On 31 October 1998 US Congress passed the Iraq Liberation Act which committed American foreign policy to the removal of Saddam Hussein from power. President Bill Clinton signed the act into law and it would become the basis of Congress’ 2002 vote in favour of US military action in Iraq.
The Iraq Liberation Act had its roots in a letter sent to Clinton in January 1998 by a think tank called the Project for the New American Century, which called for the United States to commit itself to toppling the Ba’athist regime. The letter, which was signed by a number of influential politicians including: Donald Rumesfield, Paul Wolfowitz, John Bolton, Richard Perle and others – said the then existing US foreign policy of containing Saddam Hussein had failed, his regime had violated a number of restrictions imposed upon it and Baghdad’s lack of cooperation with UN weapon inspectors meant it was possible Iraq had rebuilt its chemical and biological weapons capability. The Iraqi president was dangerous and posed a ‘threat’ to American security, the letter cautioned.
The Project for the New American Century was established to promote American global leadership and Washington as a unipolar superpower. The project belonged to a semi-shadowy group called the Neoconservatives or ‘New conservatives’. While there is much debate about the movement, most trace the origins of the Neoconservatives to the intellectual circles of German-American political philosopher Leo Strauss and his students in the 1960s. Strauss argued ‘the crisis of the West consists in the West’s having become uncertain of its purpose’ and his attempt to give Westerners faith in its classical past is cited as a major influence over Neoconservative thought – although many still debate whether or not Strauss was a Neoconservative.
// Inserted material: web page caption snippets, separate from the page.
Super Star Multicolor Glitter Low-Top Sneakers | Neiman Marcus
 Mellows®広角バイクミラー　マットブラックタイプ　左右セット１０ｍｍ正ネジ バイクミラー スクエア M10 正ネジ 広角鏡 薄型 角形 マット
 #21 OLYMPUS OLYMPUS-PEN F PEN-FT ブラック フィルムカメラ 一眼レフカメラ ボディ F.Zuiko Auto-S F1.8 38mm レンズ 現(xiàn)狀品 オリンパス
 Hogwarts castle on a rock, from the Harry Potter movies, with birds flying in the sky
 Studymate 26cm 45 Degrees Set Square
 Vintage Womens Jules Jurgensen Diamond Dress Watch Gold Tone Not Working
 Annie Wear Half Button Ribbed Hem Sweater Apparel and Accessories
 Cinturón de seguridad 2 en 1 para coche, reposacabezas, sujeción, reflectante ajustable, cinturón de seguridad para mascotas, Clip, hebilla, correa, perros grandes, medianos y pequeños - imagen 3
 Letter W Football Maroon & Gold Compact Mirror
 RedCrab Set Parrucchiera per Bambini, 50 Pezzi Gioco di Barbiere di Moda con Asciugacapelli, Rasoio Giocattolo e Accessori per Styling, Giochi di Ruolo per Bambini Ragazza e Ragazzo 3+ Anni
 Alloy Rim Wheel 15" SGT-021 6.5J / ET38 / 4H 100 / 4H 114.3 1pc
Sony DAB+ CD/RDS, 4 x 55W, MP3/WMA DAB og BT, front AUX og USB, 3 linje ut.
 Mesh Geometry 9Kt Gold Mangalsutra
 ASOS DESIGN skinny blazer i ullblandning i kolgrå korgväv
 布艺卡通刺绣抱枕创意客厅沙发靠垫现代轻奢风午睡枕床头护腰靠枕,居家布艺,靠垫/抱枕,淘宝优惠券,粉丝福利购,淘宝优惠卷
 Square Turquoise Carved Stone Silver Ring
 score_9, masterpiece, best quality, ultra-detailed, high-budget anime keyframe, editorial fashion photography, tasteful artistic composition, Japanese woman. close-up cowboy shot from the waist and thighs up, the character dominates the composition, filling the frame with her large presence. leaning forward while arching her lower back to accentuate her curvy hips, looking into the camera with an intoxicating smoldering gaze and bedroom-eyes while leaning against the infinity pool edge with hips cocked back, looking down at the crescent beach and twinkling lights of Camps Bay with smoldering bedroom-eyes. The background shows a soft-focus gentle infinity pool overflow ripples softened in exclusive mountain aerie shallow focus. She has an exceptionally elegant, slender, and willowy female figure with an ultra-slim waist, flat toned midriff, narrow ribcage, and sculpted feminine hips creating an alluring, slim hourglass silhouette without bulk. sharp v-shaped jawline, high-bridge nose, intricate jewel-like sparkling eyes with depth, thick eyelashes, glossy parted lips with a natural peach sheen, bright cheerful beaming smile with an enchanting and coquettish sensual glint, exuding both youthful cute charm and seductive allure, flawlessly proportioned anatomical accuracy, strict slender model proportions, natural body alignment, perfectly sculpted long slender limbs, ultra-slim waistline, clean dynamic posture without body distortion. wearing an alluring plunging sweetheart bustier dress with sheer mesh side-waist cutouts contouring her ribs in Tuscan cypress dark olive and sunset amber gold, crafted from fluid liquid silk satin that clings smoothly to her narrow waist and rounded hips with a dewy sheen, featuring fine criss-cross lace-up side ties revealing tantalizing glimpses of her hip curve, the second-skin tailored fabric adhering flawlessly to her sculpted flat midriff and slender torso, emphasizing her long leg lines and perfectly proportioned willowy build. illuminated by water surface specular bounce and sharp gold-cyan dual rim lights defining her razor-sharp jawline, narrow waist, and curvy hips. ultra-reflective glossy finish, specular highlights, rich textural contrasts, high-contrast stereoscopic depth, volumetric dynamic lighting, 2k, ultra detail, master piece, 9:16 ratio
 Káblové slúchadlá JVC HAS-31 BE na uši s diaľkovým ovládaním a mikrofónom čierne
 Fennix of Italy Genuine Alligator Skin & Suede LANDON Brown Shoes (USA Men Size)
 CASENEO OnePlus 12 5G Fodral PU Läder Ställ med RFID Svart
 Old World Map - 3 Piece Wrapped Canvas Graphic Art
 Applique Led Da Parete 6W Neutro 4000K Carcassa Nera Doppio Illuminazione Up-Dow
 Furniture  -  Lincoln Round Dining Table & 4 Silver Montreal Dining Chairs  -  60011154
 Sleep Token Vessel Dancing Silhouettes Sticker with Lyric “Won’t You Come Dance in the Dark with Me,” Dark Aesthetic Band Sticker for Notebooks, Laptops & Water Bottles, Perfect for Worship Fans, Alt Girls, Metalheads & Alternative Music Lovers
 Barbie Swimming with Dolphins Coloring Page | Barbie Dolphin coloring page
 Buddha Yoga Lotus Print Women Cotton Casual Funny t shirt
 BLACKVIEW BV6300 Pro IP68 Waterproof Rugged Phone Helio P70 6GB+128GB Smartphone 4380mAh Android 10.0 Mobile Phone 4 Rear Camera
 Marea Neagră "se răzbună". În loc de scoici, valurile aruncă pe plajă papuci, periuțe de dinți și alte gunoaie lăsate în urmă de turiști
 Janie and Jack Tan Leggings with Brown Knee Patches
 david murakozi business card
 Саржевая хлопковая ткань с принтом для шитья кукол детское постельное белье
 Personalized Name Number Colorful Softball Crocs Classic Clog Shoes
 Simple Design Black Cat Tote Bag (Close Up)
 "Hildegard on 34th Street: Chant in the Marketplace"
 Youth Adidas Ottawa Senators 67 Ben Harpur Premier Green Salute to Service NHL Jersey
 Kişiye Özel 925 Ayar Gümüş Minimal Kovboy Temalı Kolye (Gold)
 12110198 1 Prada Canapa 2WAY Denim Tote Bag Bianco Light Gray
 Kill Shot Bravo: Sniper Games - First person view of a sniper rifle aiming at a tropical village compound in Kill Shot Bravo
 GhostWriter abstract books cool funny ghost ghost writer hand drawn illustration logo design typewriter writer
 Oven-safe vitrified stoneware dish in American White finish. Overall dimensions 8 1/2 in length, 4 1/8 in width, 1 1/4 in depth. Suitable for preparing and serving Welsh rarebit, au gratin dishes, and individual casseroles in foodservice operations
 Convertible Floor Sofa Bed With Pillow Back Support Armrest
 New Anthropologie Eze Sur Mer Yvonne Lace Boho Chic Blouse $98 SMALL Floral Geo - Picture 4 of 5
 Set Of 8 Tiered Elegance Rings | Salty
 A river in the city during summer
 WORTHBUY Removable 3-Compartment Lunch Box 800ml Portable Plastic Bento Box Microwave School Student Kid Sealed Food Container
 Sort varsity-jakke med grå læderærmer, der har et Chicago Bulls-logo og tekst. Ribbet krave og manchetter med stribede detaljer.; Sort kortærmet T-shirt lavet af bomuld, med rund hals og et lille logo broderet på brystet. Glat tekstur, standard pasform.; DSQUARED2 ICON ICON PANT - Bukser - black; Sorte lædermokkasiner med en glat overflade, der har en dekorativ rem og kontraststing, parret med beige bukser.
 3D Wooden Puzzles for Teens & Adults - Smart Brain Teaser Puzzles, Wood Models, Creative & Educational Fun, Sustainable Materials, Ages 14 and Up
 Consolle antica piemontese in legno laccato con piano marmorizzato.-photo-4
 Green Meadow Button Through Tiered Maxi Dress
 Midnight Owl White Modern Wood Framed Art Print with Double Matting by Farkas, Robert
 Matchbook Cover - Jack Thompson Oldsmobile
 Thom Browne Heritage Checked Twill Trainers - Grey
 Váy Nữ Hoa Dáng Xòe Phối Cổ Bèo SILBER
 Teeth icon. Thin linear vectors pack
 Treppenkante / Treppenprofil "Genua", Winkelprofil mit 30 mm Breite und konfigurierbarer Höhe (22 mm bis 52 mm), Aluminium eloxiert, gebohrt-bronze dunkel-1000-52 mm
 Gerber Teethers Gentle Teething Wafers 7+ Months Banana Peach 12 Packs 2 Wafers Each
Most of those who became Neoconservatives came from Marxist, Trotskyist, Liberal and Democrat Party circles. The term Neoconservative was coined by fellow leftist opponents as a term of abuse at their former comrades, which the Neoconservatives decided to adopt anyway. What drove people to the movement was a sense American liberalism had eroded itself and produced a society that no longer knew what to believe or understood the moral superiority of the United States. There was a powerful evil out there and Americans were increasingly blind to it, the Neoconservatives believed. In the 1970s and 1980s, they fixated on the Soviet Union and sought to drive a more aggressive policy towards it. Under President Ronald Regean, many Neoconservatives made it into second and third tier political positions in his administration. However they grew disillusioned with many of Reagan’s foreign policy stances.